“Lydia and Louis,” Zaharatos said Friday, addressing the children, “your mom loves it when you score enough points for parents pie-in-the-face day. Lydia, she loves how you read. She loves how you think. She loves how you leave post it notes around the house.”
St. Pierre shared her love of motherhood in her professional life, serving as a public health analyst focusing on maternal mortality issues for the CDC’s Division of Reproductive Health. She started her career at the agency in 2014, working in the fight against HIV and AIDS. In her studies and career she traveled the world so much, to Europe, South America, Africa and China, she caught malaria twice.
More than 700 people attended her celebration of life at Emory University, a reservation-only event that was closed to the media. The family, however, invited a reporter from The Atlanta Journal-Constitution to attend.
St. Pierre’s family and friends remembered her as a child eating chicken fingers and French fries, as a teenager going to concerts with her best friend, and as the Emory University student who danced ballet on the same stage where her funeral was held, in the Cherry Logan Emerson Concert Hall of the Schwartz Center for Performing Arts.
As an adult she commuted to work by bicycle, collected hard copies of People magazine, took in foster dogs and took her children on camping trips. Brainy and passionate, she would speak out in social gatherings about topics such as politics, racism, white privilege, mental health, women’s health and gun control, one of her neighbors, Jamie Butler, said during the service.

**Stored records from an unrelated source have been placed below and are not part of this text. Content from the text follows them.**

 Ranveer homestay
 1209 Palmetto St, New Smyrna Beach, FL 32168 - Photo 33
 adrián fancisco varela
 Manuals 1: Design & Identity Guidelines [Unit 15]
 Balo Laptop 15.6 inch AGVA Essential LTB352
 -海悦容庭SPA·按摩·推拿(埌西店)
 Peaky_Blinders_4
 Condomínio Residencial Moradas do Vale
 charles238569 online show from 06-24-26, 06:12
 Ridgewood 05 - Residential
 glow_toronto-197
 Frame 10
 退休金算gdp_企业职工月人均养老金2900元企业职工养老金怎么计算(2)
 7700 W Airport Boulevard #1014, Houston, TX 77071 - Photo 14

“But she did all of this without dividing the room. She never stepped on anybody’s toes,” Butler said. “Amy embodied the value of celebrating people’s differences, and allowing that to be the very thing that pulled them together.”
Credit: Steve Schaefer
Credit: Steve Schaefer
But hanging over the memorial was the “senseless crime” referred to in St. Pierre’s obituary.
Investigators believe another patient, 24-year-old Deion Patterson, shot five women inside the waiting room of the 11th-floor Laureate Medical Group office. According to workers in the building who spoke to the AJC, Patterson became enraged after he arrived half an hour late for an appointment and was turned away, allegedly drawing a handgun from a satchel he carried into the building.
Patterson’s mother, who has declined to speak with the AJC, has said Patterson was having a “mental break” and wanted to be prescribed the anxiety medication Ativan. But his Veterans Affairs medical team declined to give it to him, fearing he could become addicted, she said in an interview with The Associated Press.
Patterson was arrested in Cobb County on charges of murder and aggravated assault. He remains in the Fulton County jail, where he is being held without bond.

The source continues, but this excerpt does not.